First Name: Doyle Age: 46 Family status: Married
Occupation: Mechanical Designer Hometown: Haubstadt, Indiana
Pounds or inches gained/lost: Lost 31 pounds! Went from 22% bodyfat down
to 12% Starting Weight: 206 pounds Current Weight: 175 pounds



Doyle's
Muscle Building Story!
When did you become unhappy with your physique?
As the
years go by and your physique tends to spread out and I knew I had to stop this
progression now.
What made you decide to transform your body?
I decided
to do the Lean-Body Challenge (12-week transformation) online that was sponsored
by Lee Labrada.
What were the most important changes you made to build muscle?
My diet was about 90% clean and consumed at least 1.5g of protein for every
body weight pound.
What was most challenging about building muscle?
The soreness
in the beginning and the motivation that is needed to carry on such a task.
How long did it take you to start to see results?
After
4 weeks I started noticing physical changes and it seemed to take off even faster
as the weeks continued.
How long did it take for you to reach your current weight?
12 weeks.
How long have you maintained your muscular gains and how do you do it?
I just finished up.
How has your life changed now that youve gained muscle mass?
I have so much self confidence at work, home and the energy I have has surpassed
anything I could of imagined.
How did ShapeFit help you reach your muscle building goals?
ShapeFit supplied me with fitness tips, fat
burning tips and
recipes! 
Doyle's
Muscle Building Tips!
Muscle Building Tip #1:
Lift heavy with 6 reps/set.
Muscle Building Tip #2:
Control all movements.
Muscle Building Tip #3:
Stay focused.
Muscle Building Tip #4:
Muscle grows during a recovery
period, not during the workouts.
Muscle Building Tip #5:
PROTEIN-PROTEIN-PROTEIN. 
Doyle's
Muscle Building Eating Plan!
Breakfast:
8 egg whites and 2 yokes 2-pieces of whole
wheat toast (spray on butter only) and water.
Lunch:
CarbWatchers shake.
Dinner:
8 Oz. grilled skinless chicken breast and 2 cups
of steamed green beans and Udo's oil.
Snacks or Mini Meals:
Carbwatchers shake, peanut butter
on rice cakes, almonds, white rice. 
Doyle's
Muscle Building Supplements!
Supplements Used:
Pro-V60 protein powder, Glutalean Multi-pro
32x Vitamin, Nitric Oxide, Protein Shakes. 
Doyle's
Muscle Building Workouts!
Weight Training:
6 days per week for approx 1-1.5 hours
in the evening.
Cardiovascular:
6 days per week for approx.
1 hour in the morning. HIIT
and Incline walking and some outdoor jogging.

Doyle's
Success Story Comments! Weight
loss is really hard. Anybody who tells you it's not is probably trying to sell
you a fad diet or some sort of "magic" pill. That said, it's important
that we remain realistic about both our goals and the journey itself as we strive
to lose weight. Unrealistic expectations will often set us up for disappointment.

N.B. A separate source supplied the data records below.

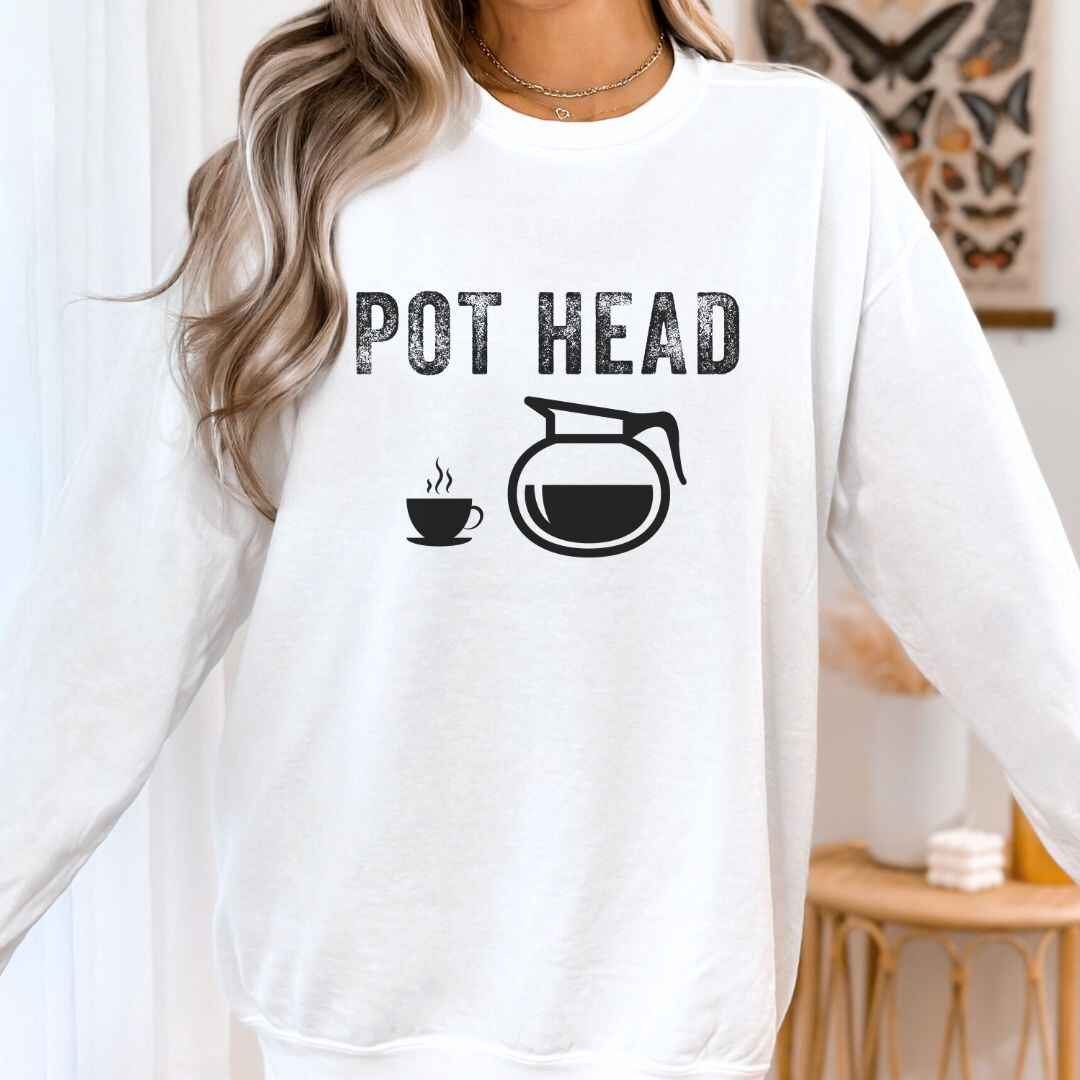 Pot Head Sweatshirt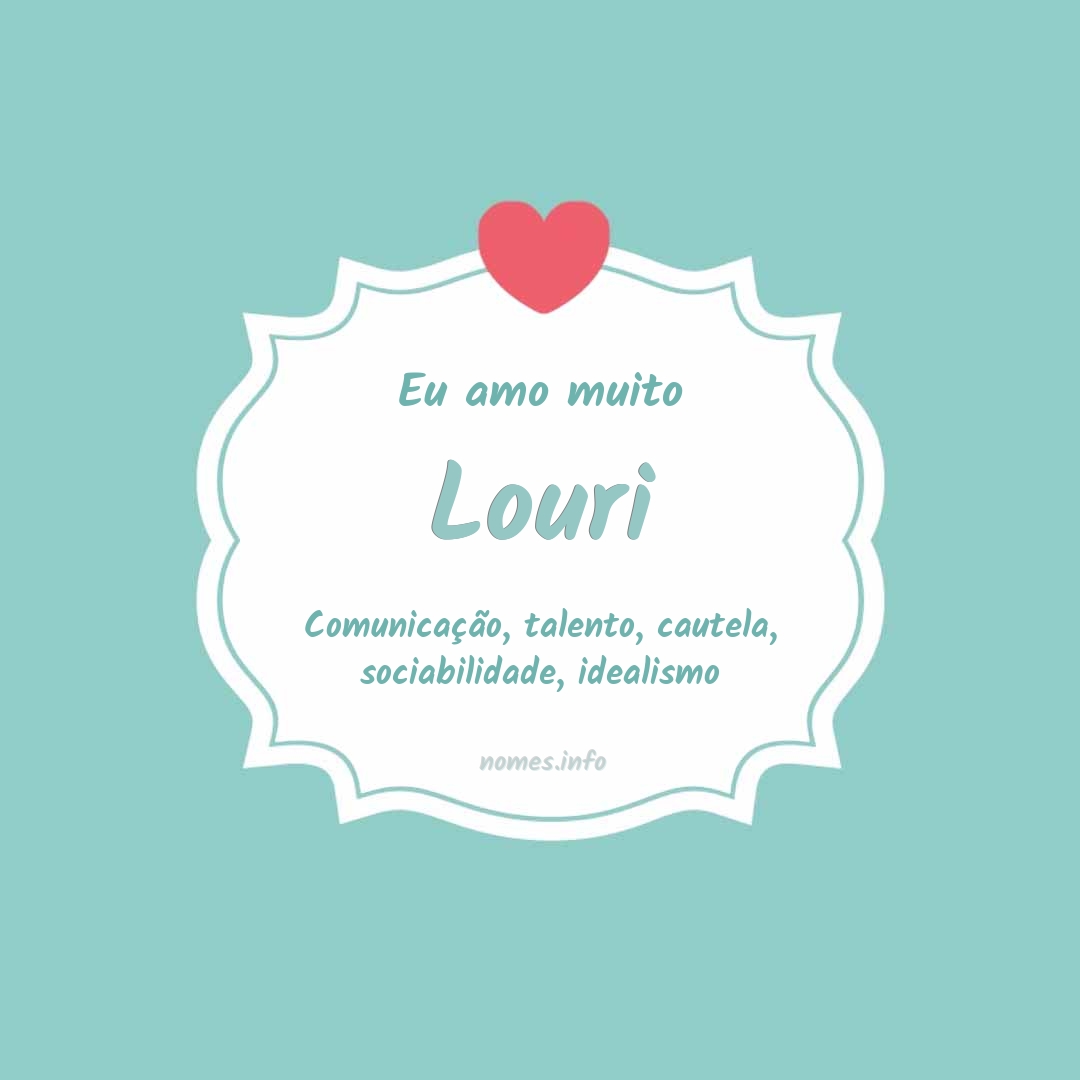 Eu amo muito Louri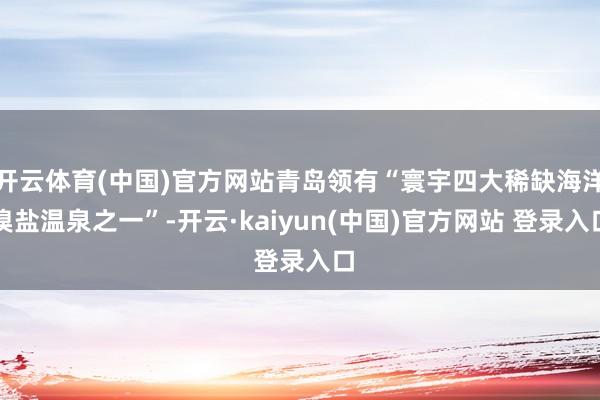 开云体育(中国)官方网站青岛领有“寰宇四大稀缺海洋溴盐温泉之一”-开云·kaiyun(中国)官方网站 登录入口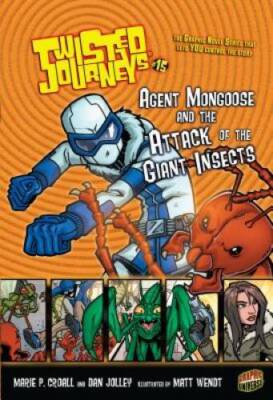 15 Agent Mongoose and the Attack of the Giant Insects (Twisted Journeys ( - GOOD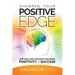 Sharpen Your Positive Edge: Shifting Your Thoughts for More Positivity and Success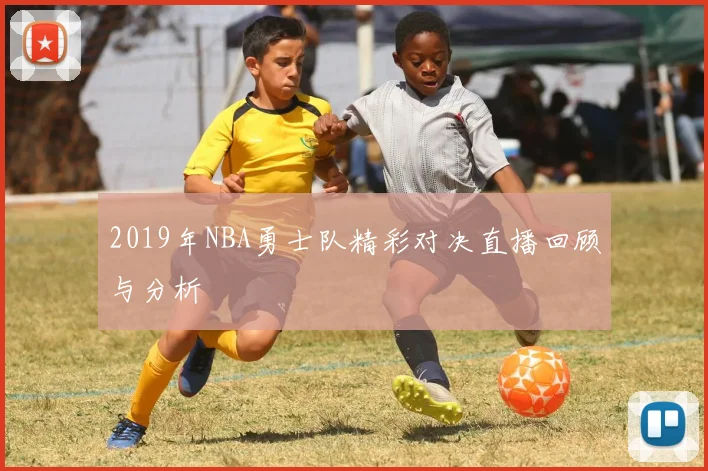 2019年NBA勇士队精彩对决直播回顾与分析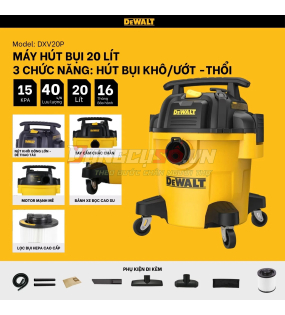 Máy hút bụi 3 chức năng 20L Dewalt DXV20P | 20 lít – 15Kpa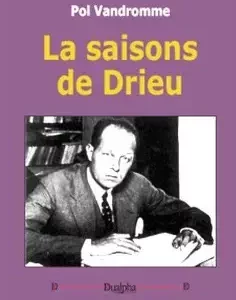 Vandromme, Pol : Les saisons de Drieu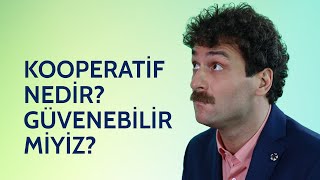 Kooperatif Nedir? Güvenebilir miyiz?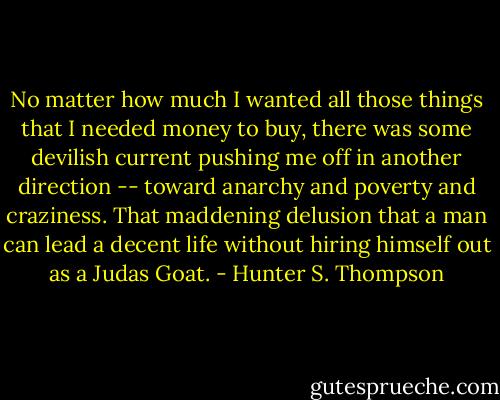 No matter how much I wanted all those things that I needed money to buy, there was some devilish current pushing me off in another direction -- toward anarchy and poverty and craziness. That maddening delusion that a man can lead a decent life without hiring himself out as a Judas Goat. - Hunter S. Thompson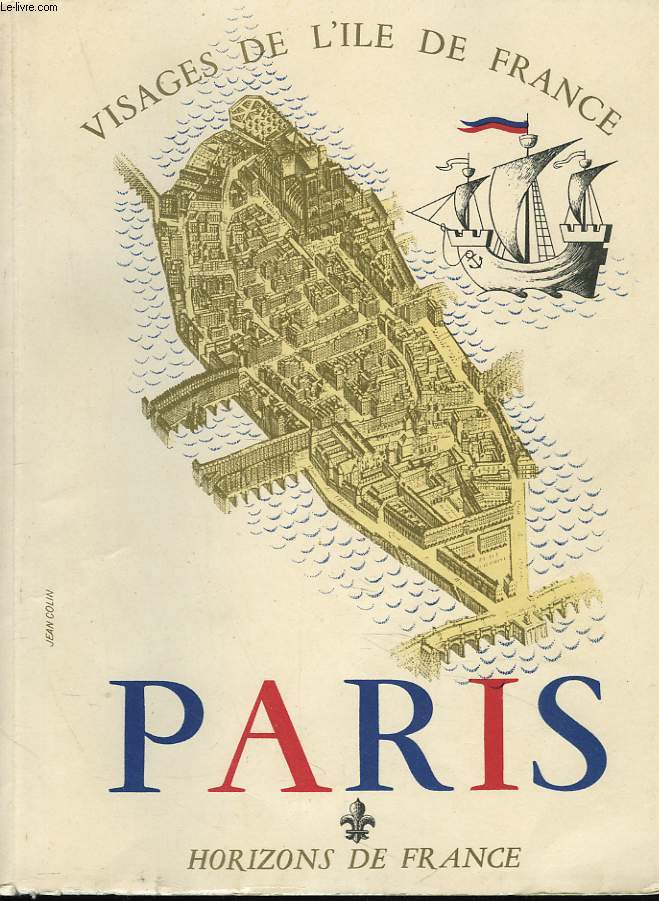 VISAGES DE L'ILE-DE-FRANCE. PARIS.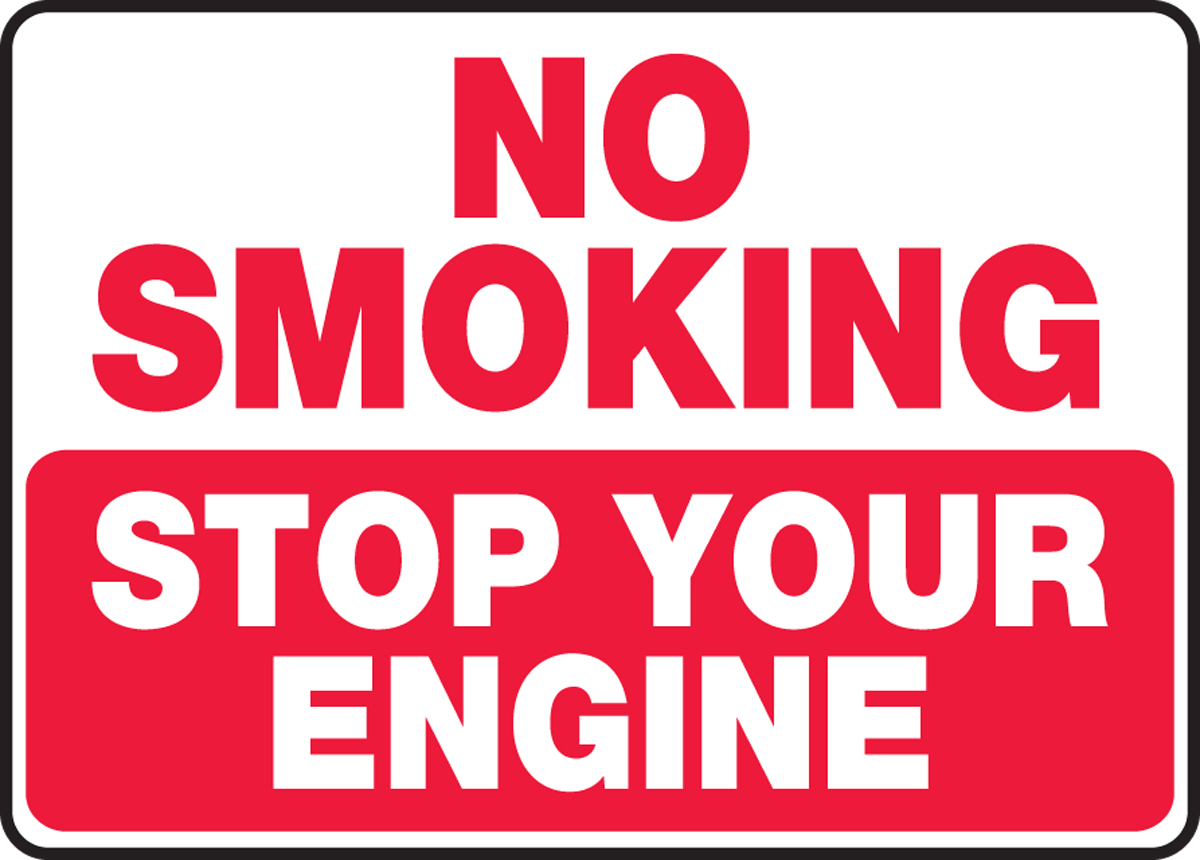Stop Your Engine No Smoking Safety Sign MTKC504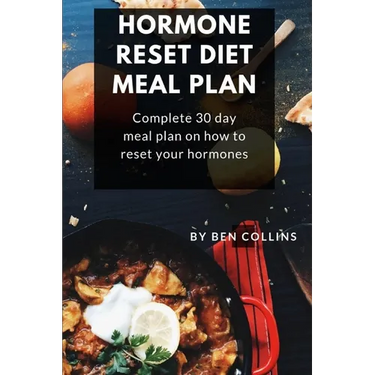 Hormone Reset Diet Meal Plan: Complete 30 Day Meal Plan On How To Reset Your Hormones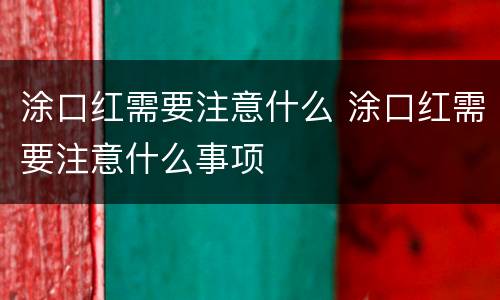 涂口红需要注意什么 涂口红需要注意什么事项
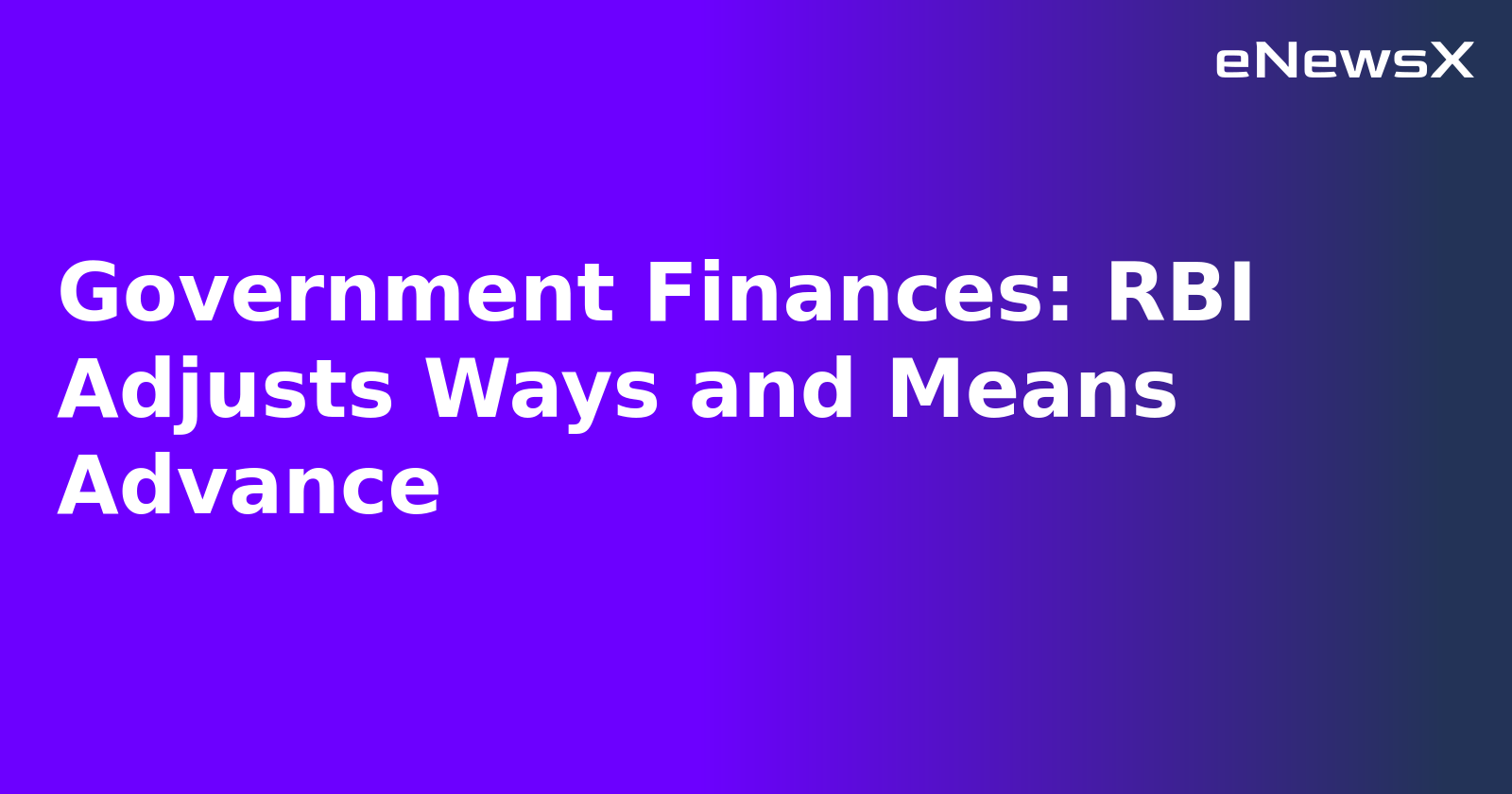 Government Finances: RBI Adjusts Ways and Means Advance.webp Government Finances: RBI Adjusts Ways and Means Advance.webp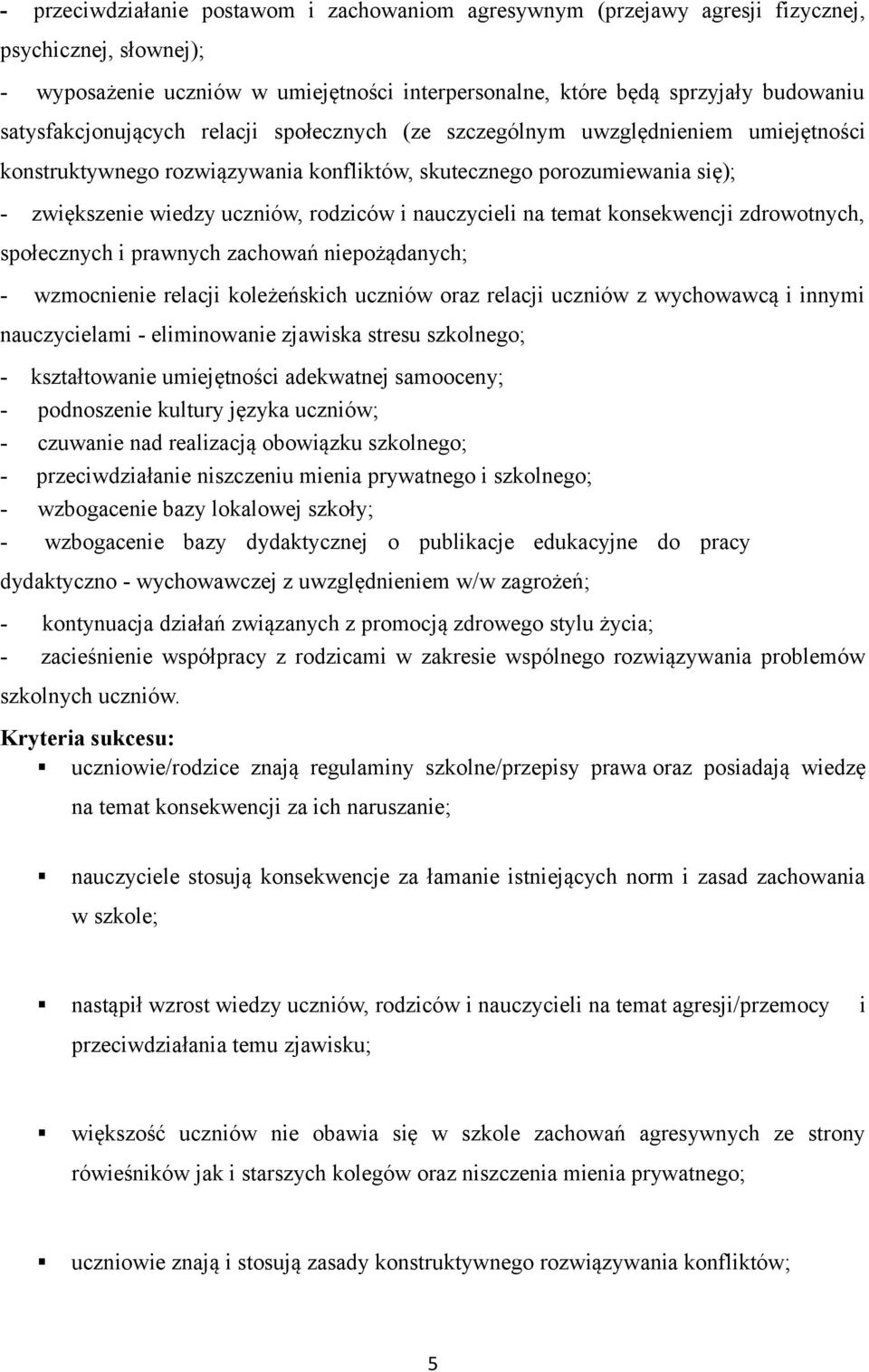 nauczycieli na temat konsekwencji zdrowotnych, społecznych i prawnych zachowań niepożądanych; - wzmocnienie relacji koleżeńskich uczniów oraz relacji uczniów z wychowawcą i innymi nauczycielami -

Therefore, I set these realistic goals for myself when I started on this transformation
challenge: I want to lose at least 25 pounds, because carrying all that extra
weight around has made me sluggish and uncomfortable both at home and on the job.
Also, I want to reduce my body fat by 8%, and I want to lose 4 inches off my waist.
Another one of my goals is to lower my cholesterol level and
blood pressure. The good news is that these challenges are often far less significant
than we think. Most challenges looks at ways we can feel good in the bodies we
have! Furthermore, the 12-week deadline make it easy for me to be able to accomplish
the goals I set out for myself. The desire to change the way I look with the old
flabby body I have to a more lean and energetic one I always wanted has motivated
me to join and participate in the Challenge. If you don't love my body and treat
it well, I will continue to be stuck in feeling that I you are not good enough
at this size. Smaller is better by other standards, and I
wanted that affirmation. If I take care of myself and pursue the challenge faithfully,
I will give that affirmation to myself instead of seeking it through others. Again,
most programs are so easy to follow that I decided to participate in it and take
the challenge. I also want to become an example to my fellow health club friends
that weight loss and body transformations can all be achieved with hard work and
a well designed plan.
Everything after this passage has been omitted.